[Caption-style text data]

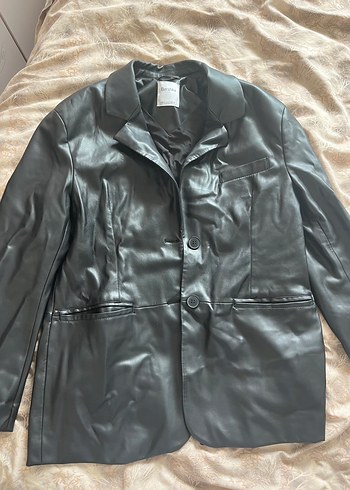 38 Beden Kadın Bej Deri Düğmeli Blazer Ceket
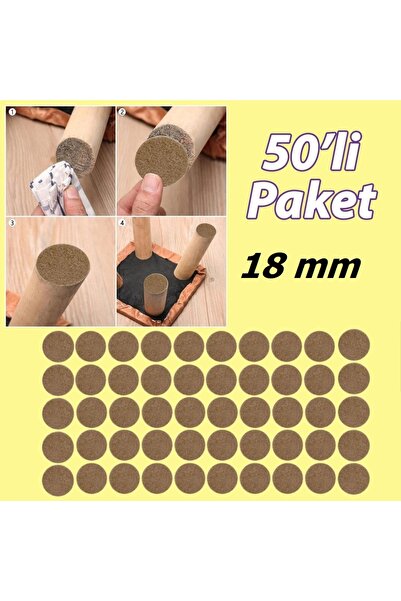 ZUZU MADE 50 Adet 1.8 cm Yapışkanlı Sandalye Masa Koltuk Altı Parke Koruma Ke...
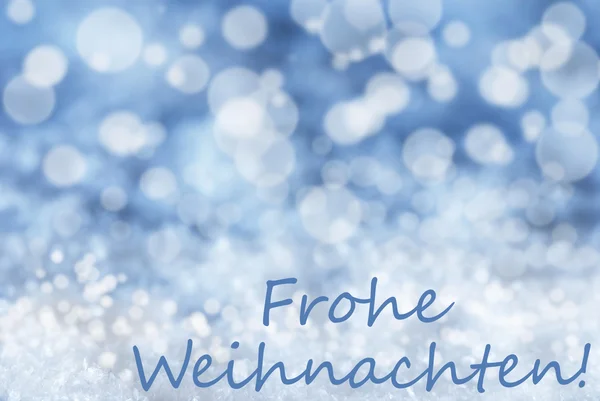 Blue Bokeh Background, Snow, Frohe Weihnachten Means Merry Christmas — Stock Photo, Image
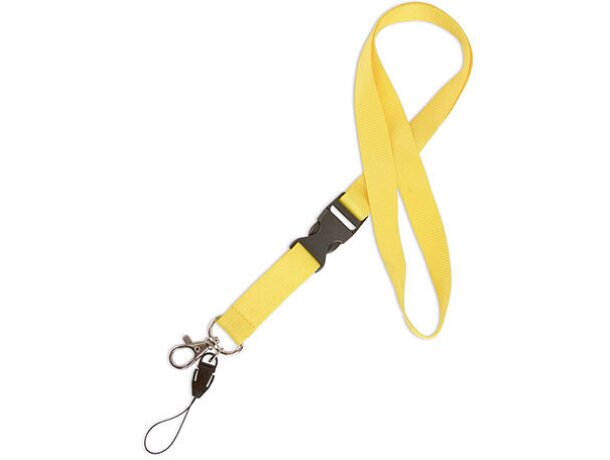 Lanyard doble de poliéster amarilla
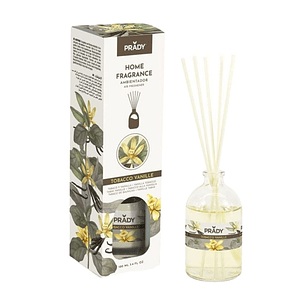 Prady Ambientador Mikado Tobacco Vanille - Frasco de Cristal 100 ml y Varitas Difusoras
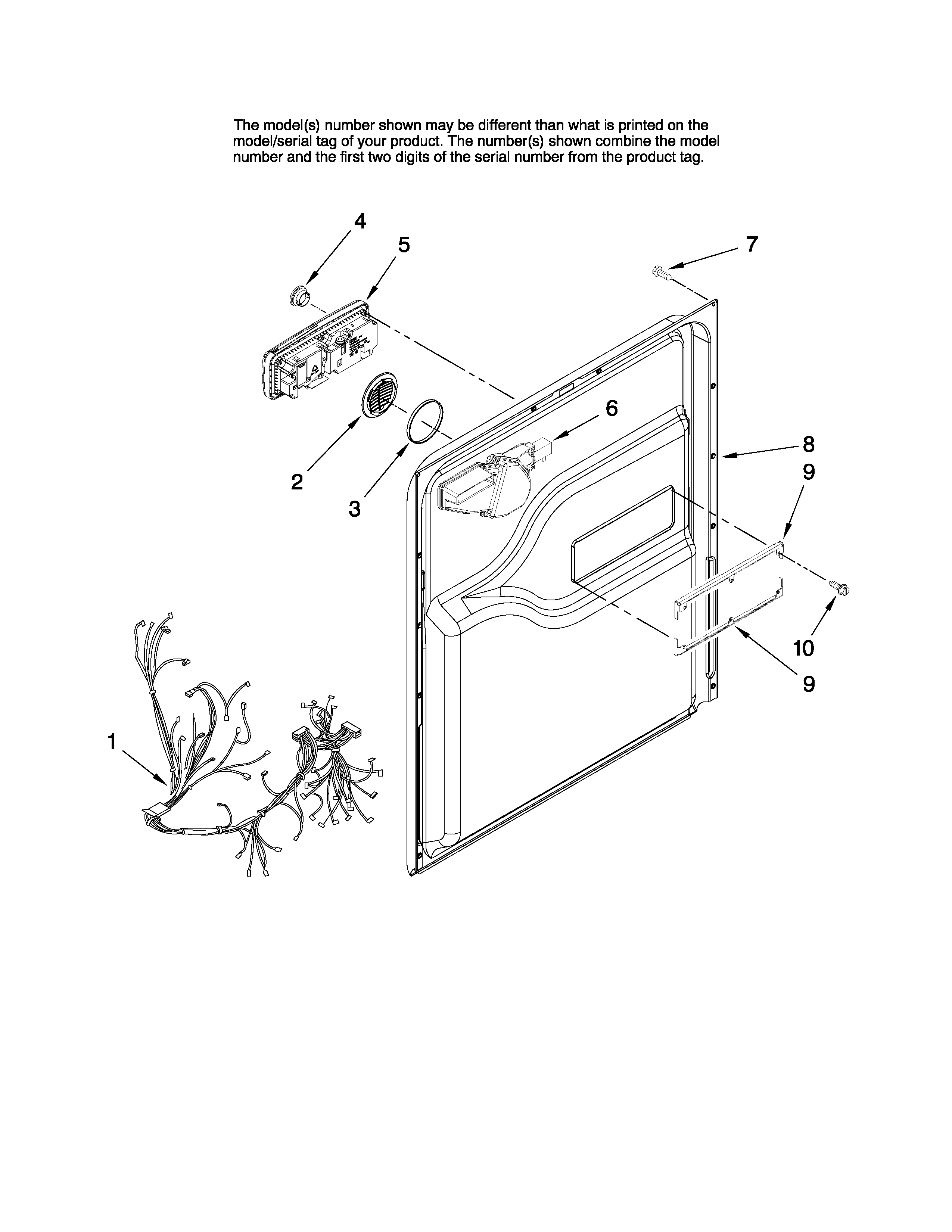 Maytag MDB4651AWS2 door and latch parts diagram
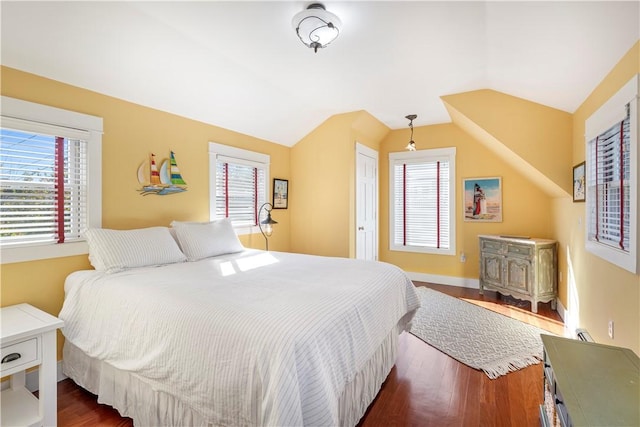 bedroom featuring vaulted ceiling, a closet, and dark wood-type flooring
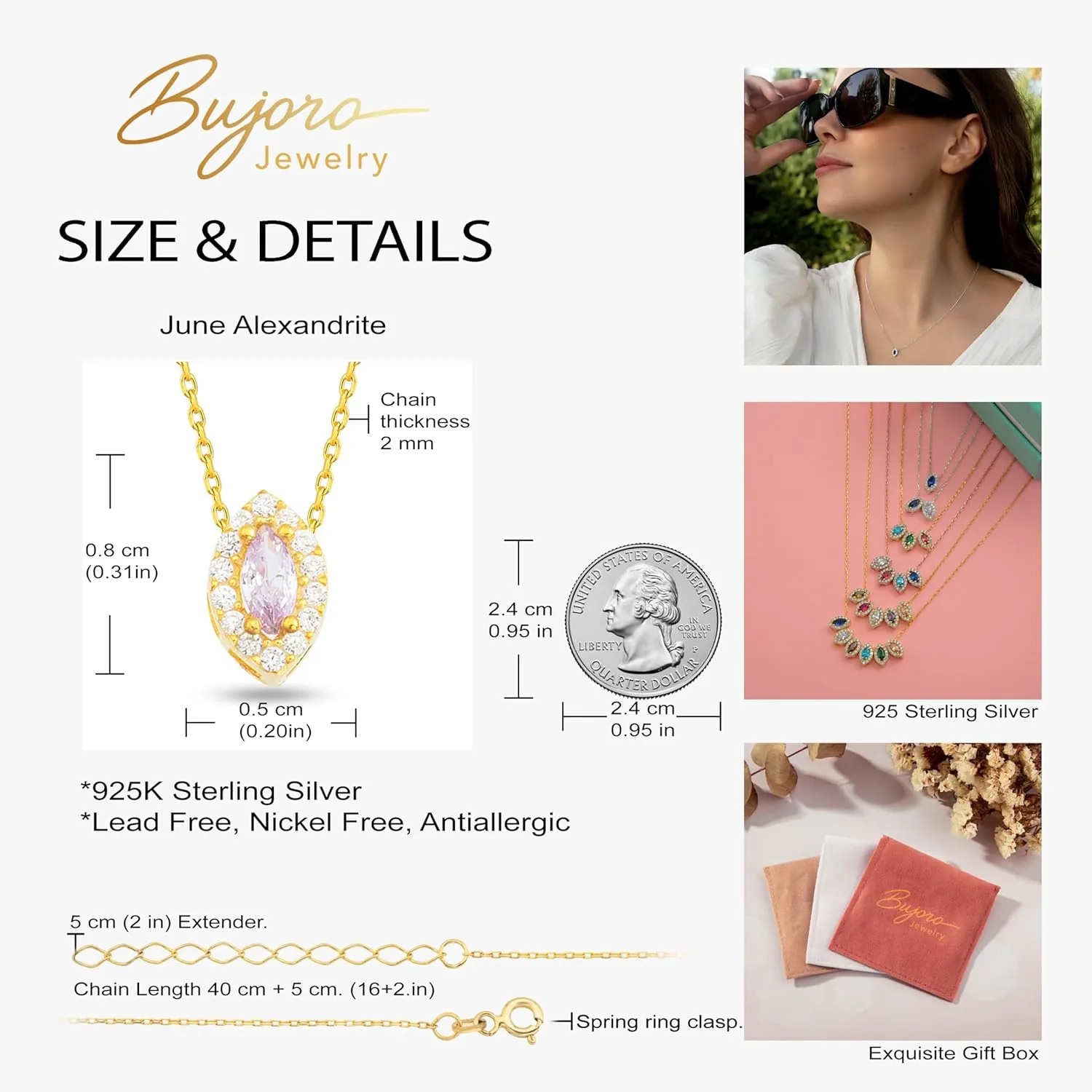 Birthstone Necklace for Women, Personalized 925 Sterling Silver and 14K Gold Plated Marquise Shape Birthstone Pendant, Customized Jewelry Gift for Women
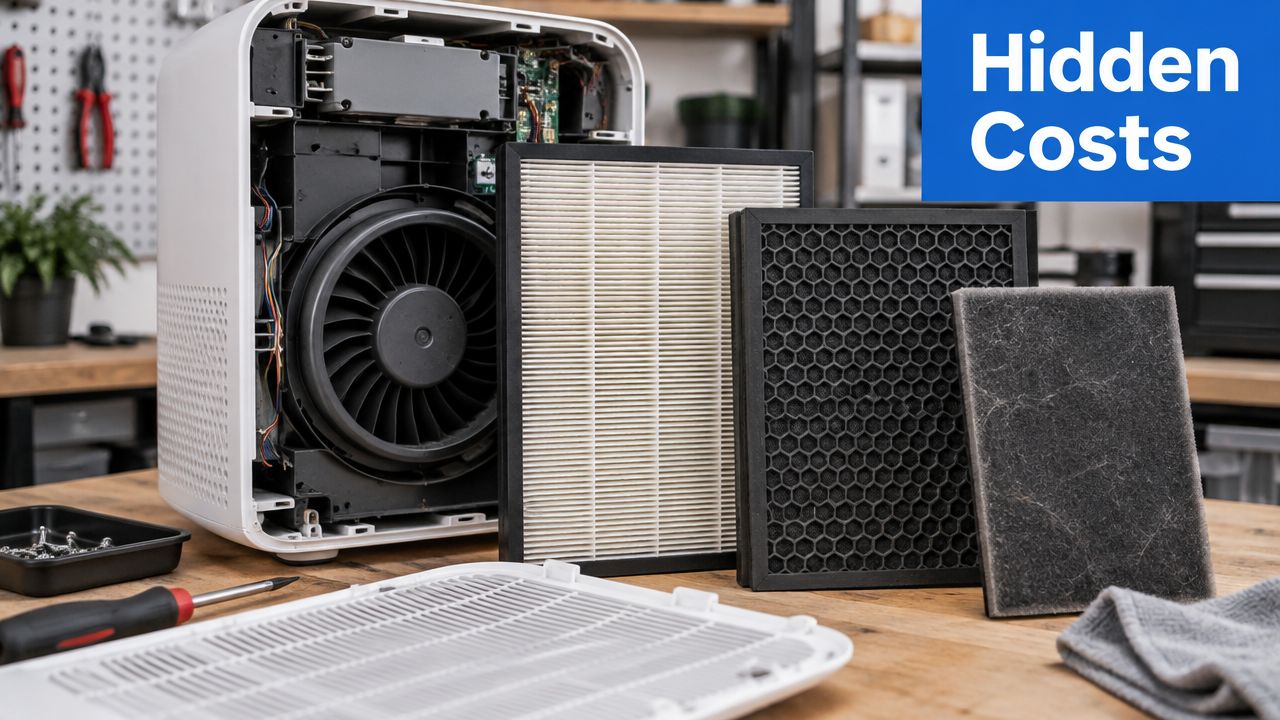 An disassembled air purifier with its various filter components displayed on a wooden workbench during maintenance.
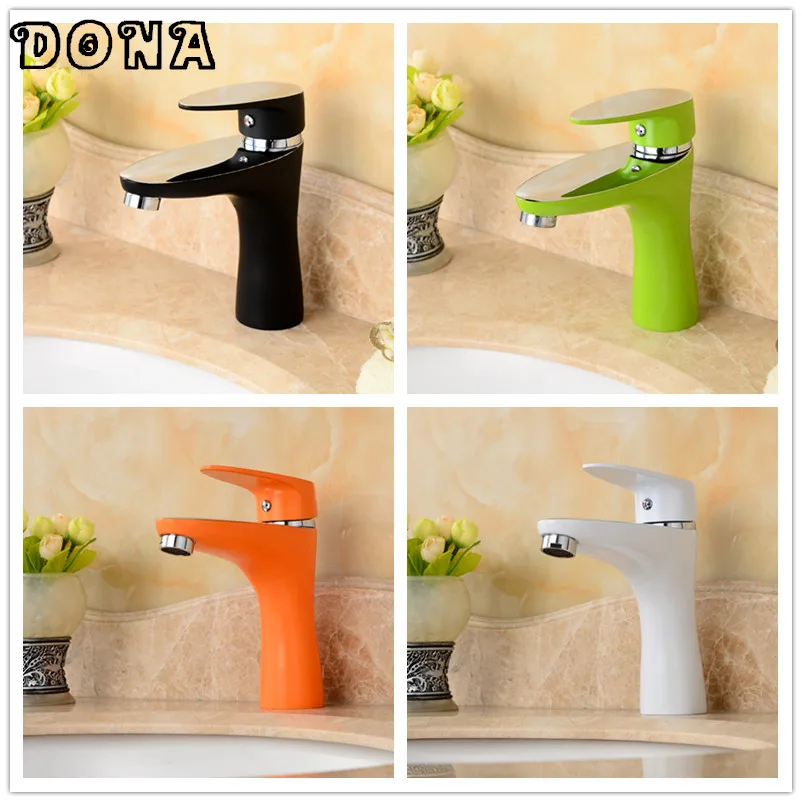 

Free shipping Four color bathroom faucet copper faucets chrome basin faucet cold and hot water tap mixer taps DONA2128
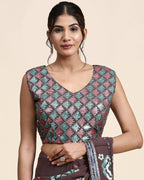 Brown Pure Georgette Sequence work Ready to wear Saree with stitched Blouse - Nirvana | Grocsy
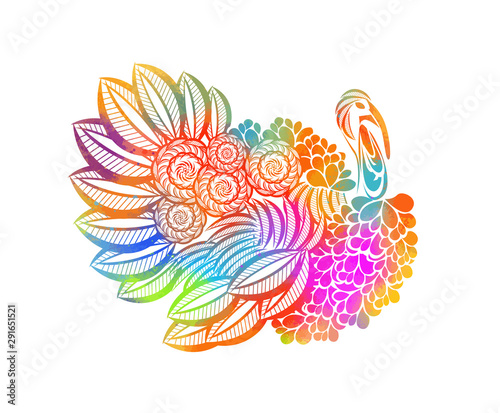 Colorful turkey. Happy Thanksgiving. Vector illustration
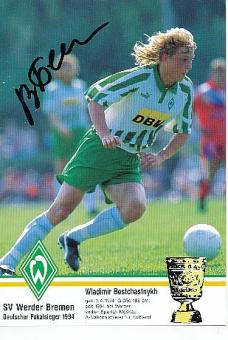 Wladimir Bestchastnykh  SV Werder Bremen  1994/1995  Fußball Autogrammkarte  original signiert 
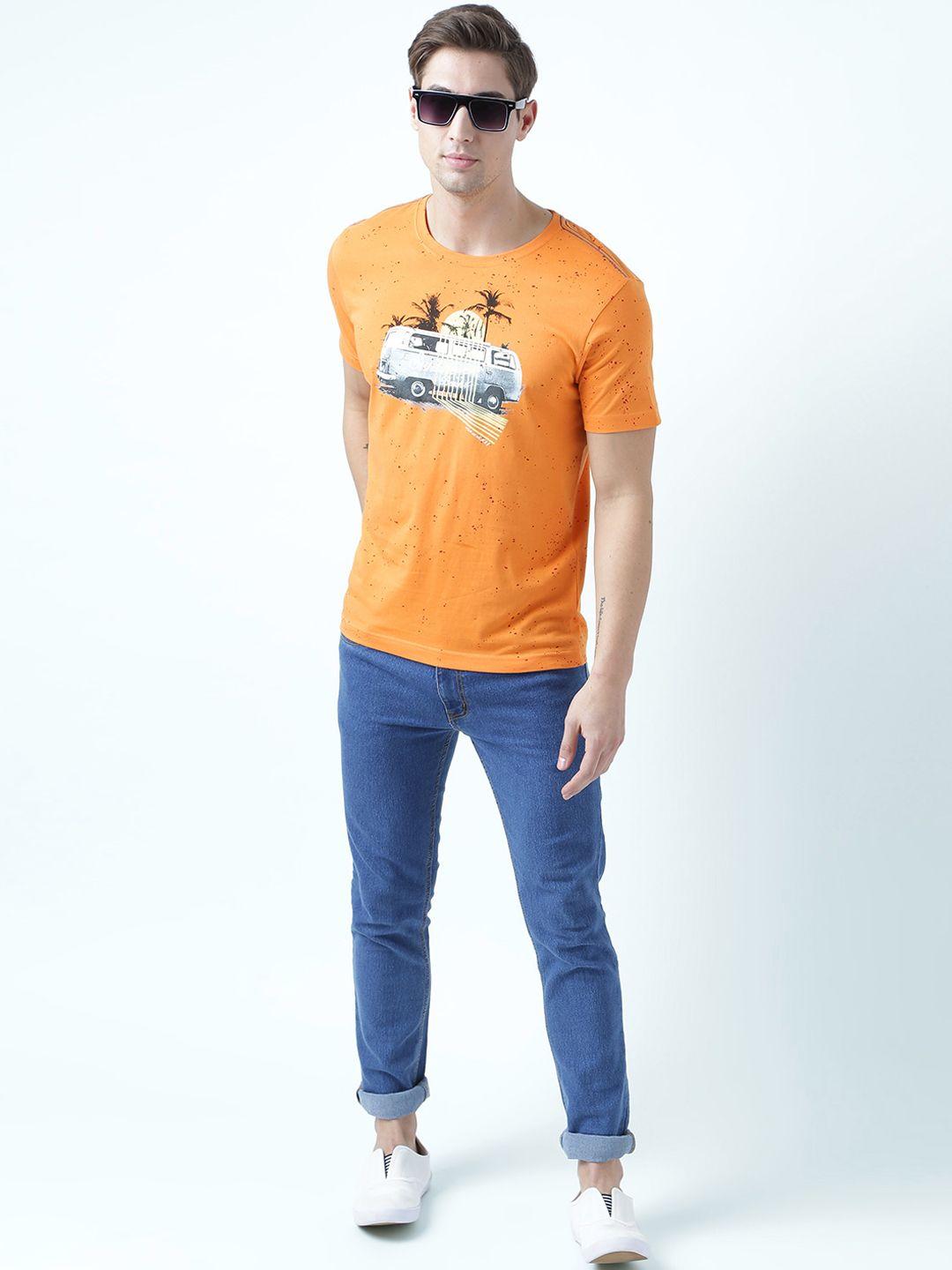 huetrap men orange printed round neck t-shirt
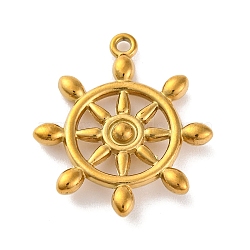 Ocean Theme 304 Stainless Steel Pendants, Real 18K Gold Plated, Anchor & Helm, 24x21x3.5mm, Hole: 1.5mm(STAS-M072-06D-G)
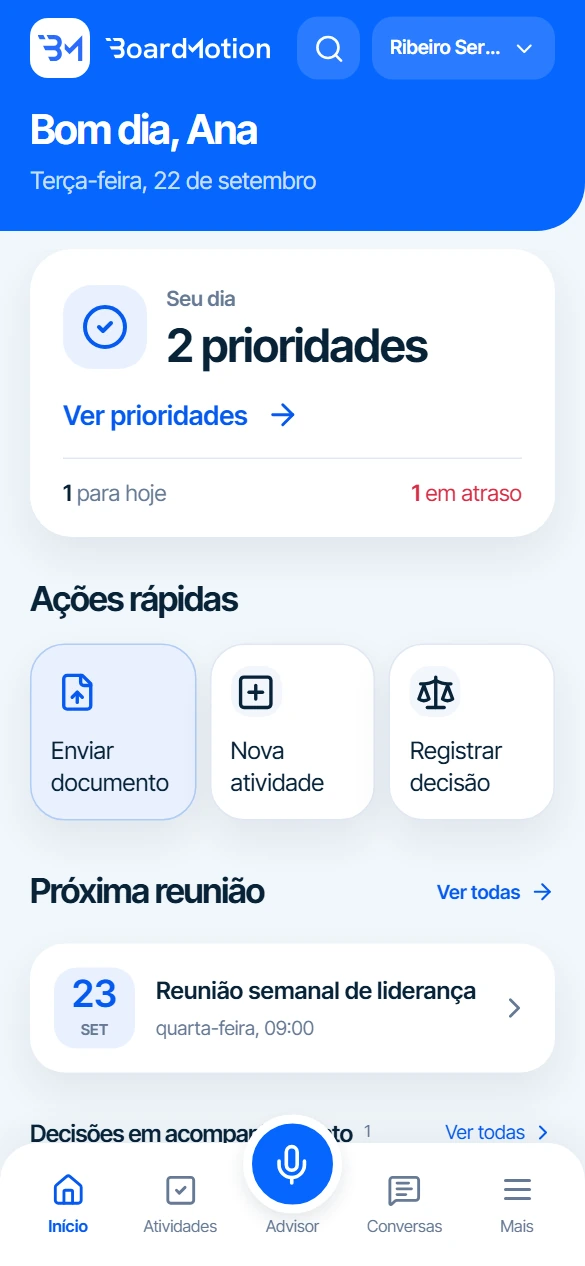 Início do BM no celular, com prioridades de Ana Ribeiro.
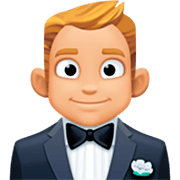 🤵🏼‍♂️ Emoji Mann im Tuxedo: mittelhelle Hautfarbe Facebook 15.0.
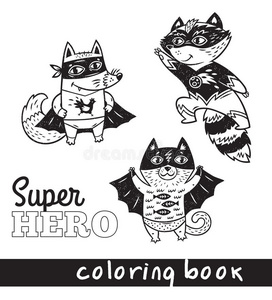 手绘轮廓卡通动物在超级英雄服装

- **Task description**
All the data above is to be transcribed exactly, with no pictures included.

- **Result of the exercise**
 38 Beden Kadın Bej Deri Düğmeli Blazer Ceket
 ZUZU MADE 50 Adet 1.8 cm Yapışkanlı Sandalye Masa Koltuk Altı Parke Koruma Ke...
 Blue Bokeh Background, Snow, Frohe Weihnachten Means Merry Christmas — Stock Photo, Image
 Lanyard doble de poliéster amarilla
 Prady Ambientador Mikado Tobacco Vanille - Frasco de Cristal 100 ml y Varitas Difusoras
 Maytag MDB4651AWS2 door and latch parts diagram
 bedroom featuring vaulted ceiling, a closet, and dark wood-type flooring
 Birthstone Necklace for Women, Personalized 925 Sterling Silver and 14K Gold Plated Marquise Shape Birthstone Pendant, Customized Jewelry Gift for Women
 An disassembled air purifier with its various filter components displayed on a wooden workbench during maintenance.

Free shipping Four color bathroom faucet copper faucets chrome basin faucet cold and hot water tap mixer taps DONA2128
 Brown Pure Georgette Sequence work Ready to wear Saree with stitched Blouse - Nirvana | Grocsy
 Colorful turkey. Happy Thanksgiving. Vector illustration
 Wladimir Bestchastnykh  SV Werder Bremen  1994/1995  Fußball Autogrammkarte  original signiert 
 huetrap men orange printed round neck t-shirt
 Ocean Theme 304 Stainless Steel Pendants, Real 18K Gold Plated, Anchor & Helm, 24x21x3.5mm, Hole: 1.5mm(STAS-M072-06D-G)
 Início do BM no celular, com prioridades de Ana Ribeiro.
 🤵🏼‍♂️ Emoji Mann im Tuxedo: mittelhelle Hautfarbe Facebook 15.0.
 手绘轮廓卡通动物在超级英雄服装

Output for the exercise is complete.